Dr Wes, I loved it. Your own concert. What a great visualization.

Out of curiosity, who ran the code before you got there?

A hospitalist?

Cathy said...

That is some story Dr. Wes. I think it's beautiful!

DrWes said...

happy hospitalist -

It was an intensivist who "ran" it, but it was the nurses who saved her life...

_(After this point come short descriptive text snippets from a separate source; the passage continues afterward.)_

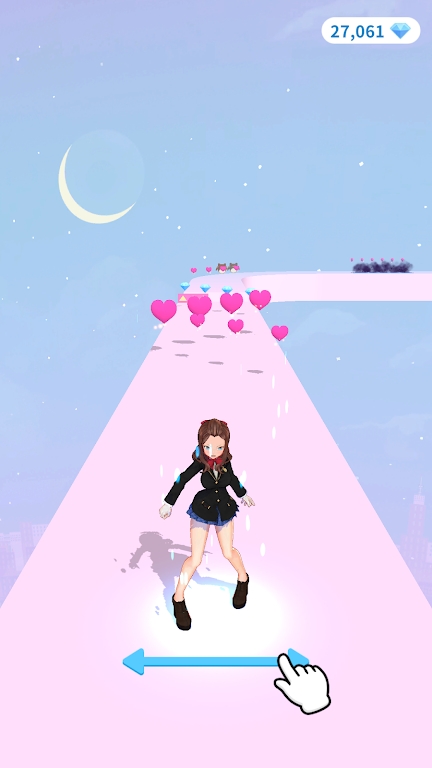 魔力美少女跑酷游戏中文版（Magical Girl Run） 截图0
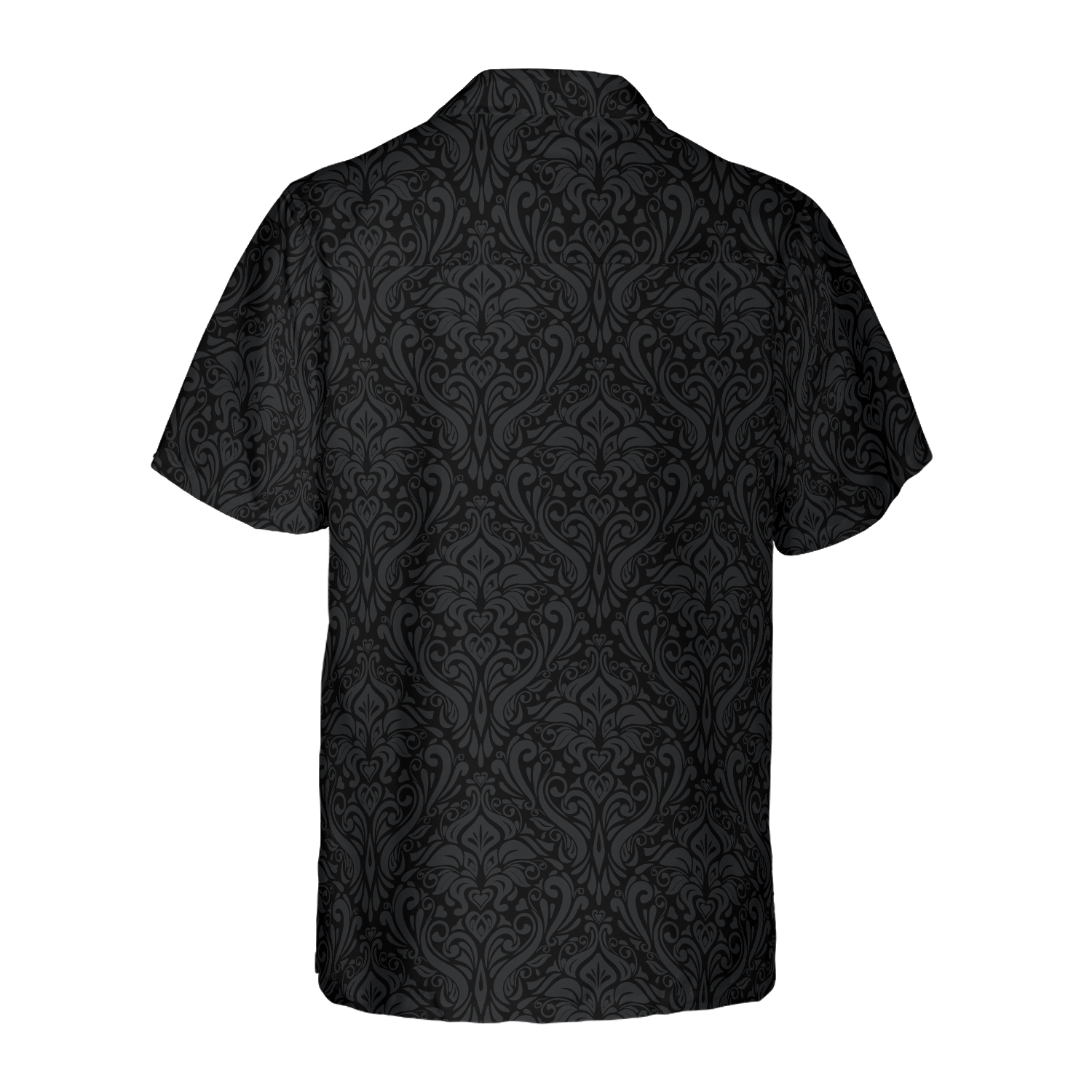 Premium Floral Royal Style Goth Hawaiian Shirt - Hyperfavor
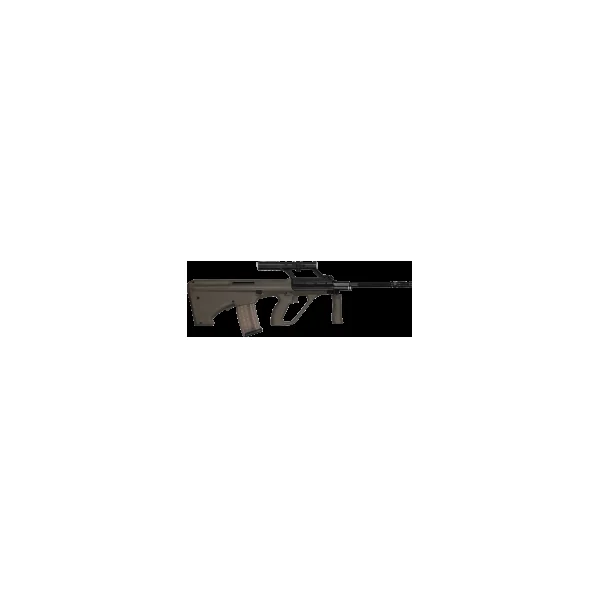 CARABINE DE TIR STEYR AUG Z SA QCB ARMY OLIVE AVEC LUNETTE STEYR x1.5 CAL.223 Rem. CANON 508mm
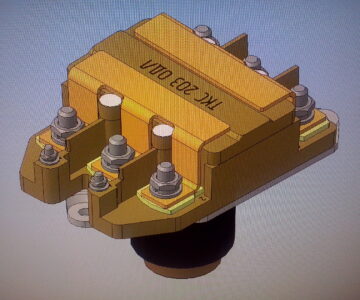 3D модель Контактор ТКД203ОДЛ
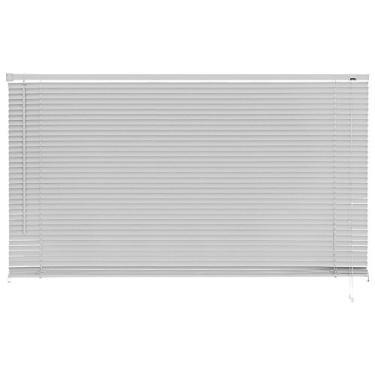 Imagem de Atlas - Persiana Horizontal de PVC e Lâmina de 25mm, Tamanho 140 x 130 cm, Cor Cinza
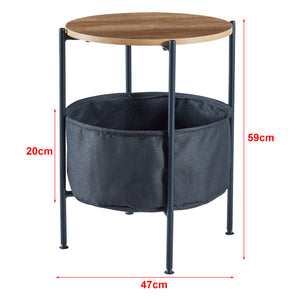 Masuta rotunda Suonenjoki 59x47 cm [en.casa]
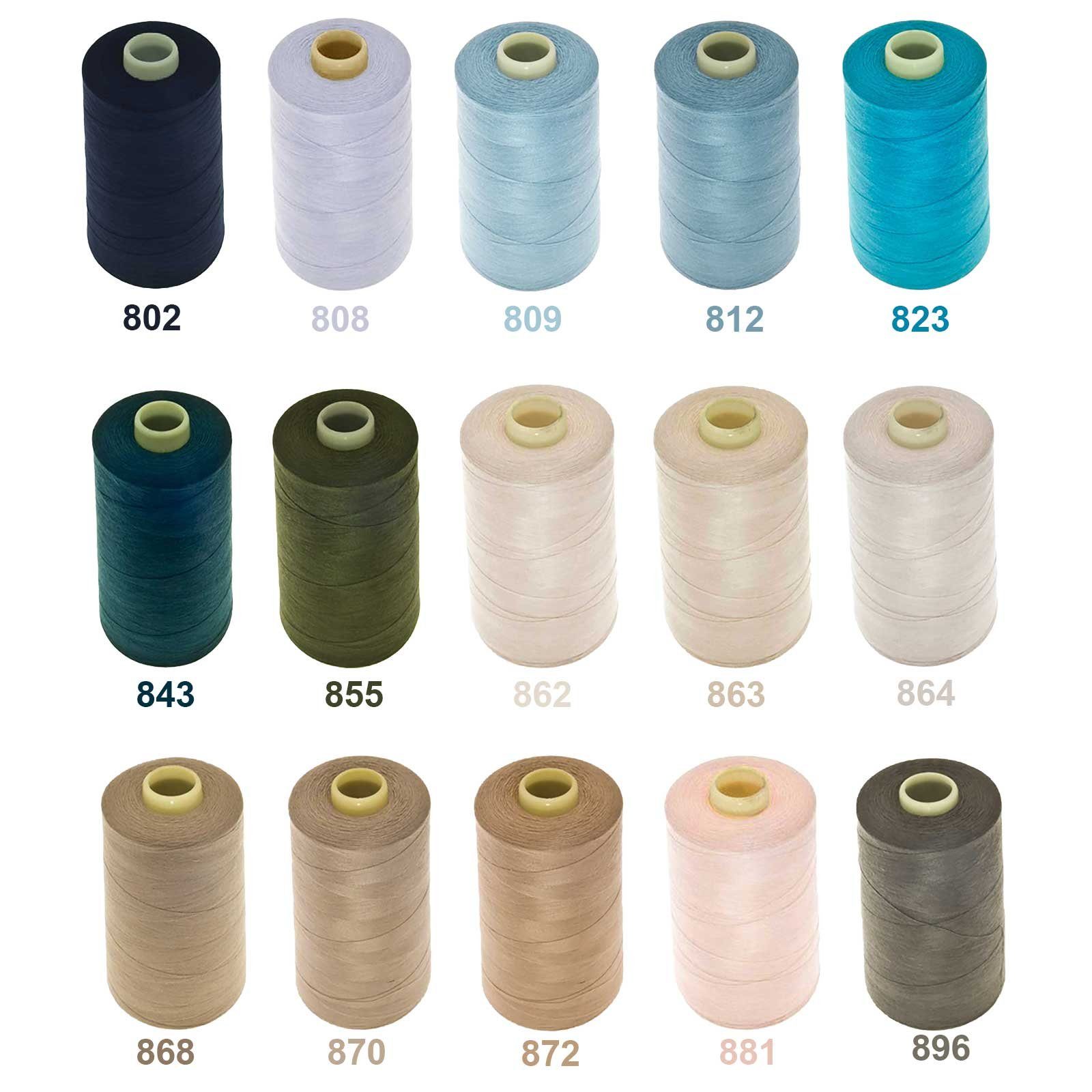 maDDma Universal Nähgarn Polyester 1 Spule 40/2 120er 1000m Nähgarn, 1000 m, A670 hellbeige – Bild 4 von 4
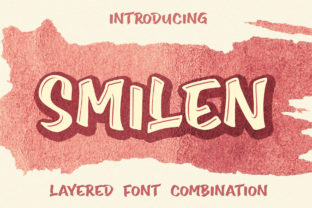 Smilen: A Bold Display Font for Editorial Personality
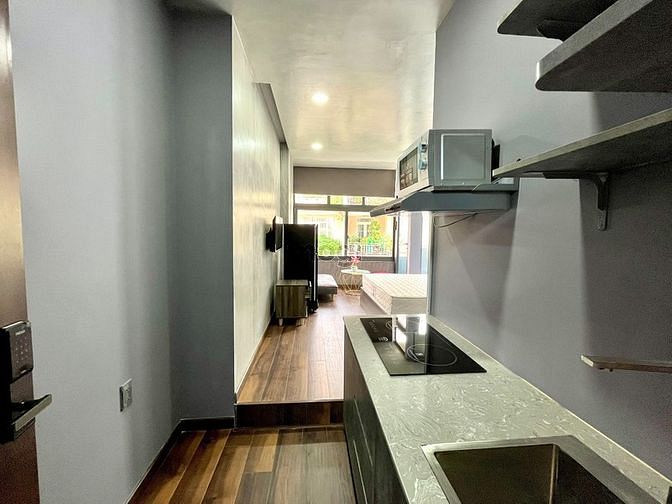 Hình ảnh 🇨🇳🇨🇳🇨🇳Cho thuê studio có balcon ở Thảo Điền phòng đẹp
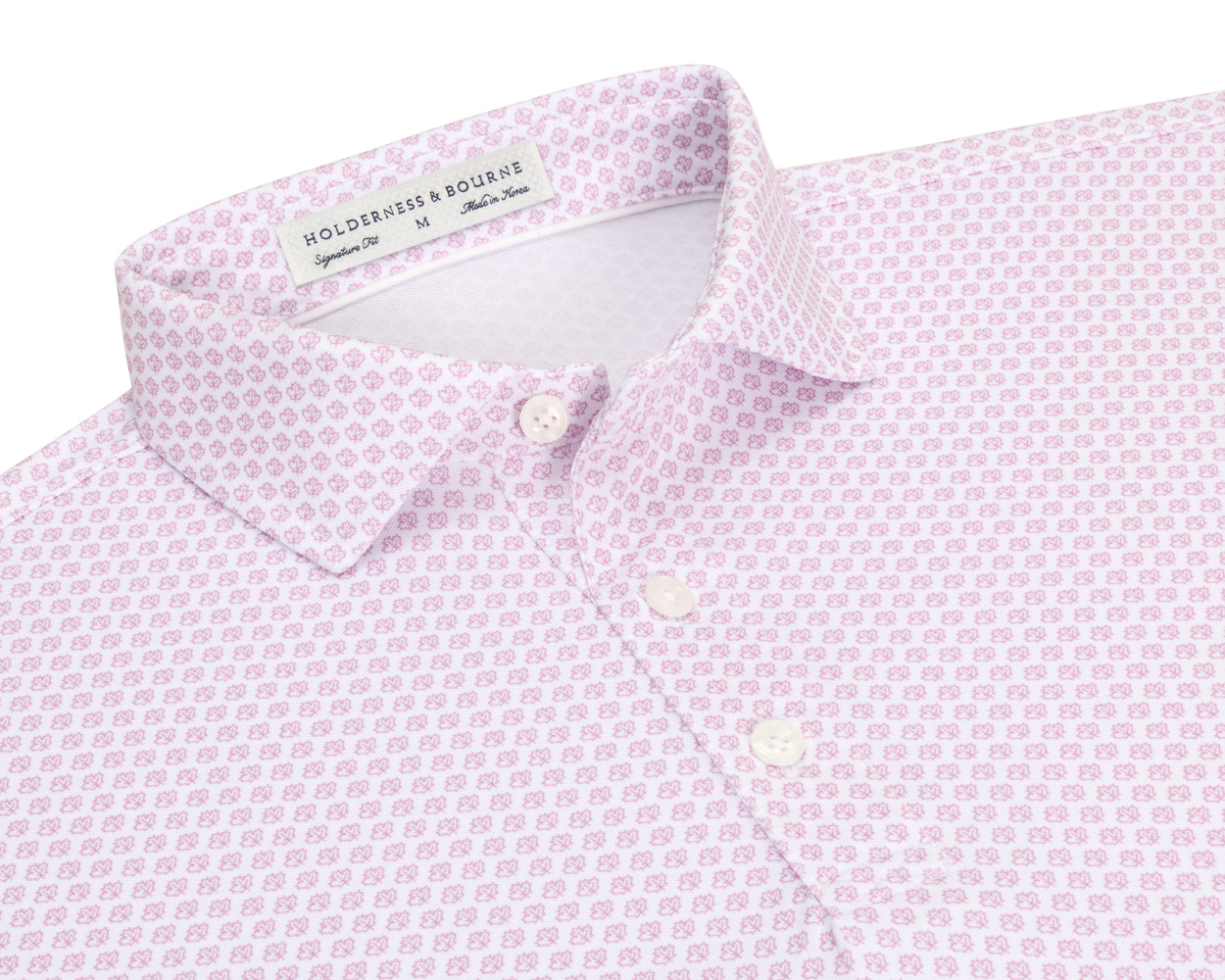 Holderness & Bourne The Lafayette Shirt in White & Faded Mauve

ah, the wonder of a little electricity....

DavidA said...

"ah, the wonder of a little electricity...." isn't that the EP motto

-David (EP/Cath Lab tech)

Richard A Schoor MD FACS said...

Very nicely written. I have but one question: does she have a foley?

Anonymous said...

As one of those nurses who prepares, organizes, and cleans up after concerts of this nature on a daily basis. I want to take a moment to thank all the team members who makes events like this possible. It truely takes an army for hospitals to function smoothly. Take a moment to think about how that wire got into capable hands... from the factory, to the shipping, to the hospital, to the shelf please take a moment this holiday season to thank those who bring us the tools of our magic. Without them there would be no concertos.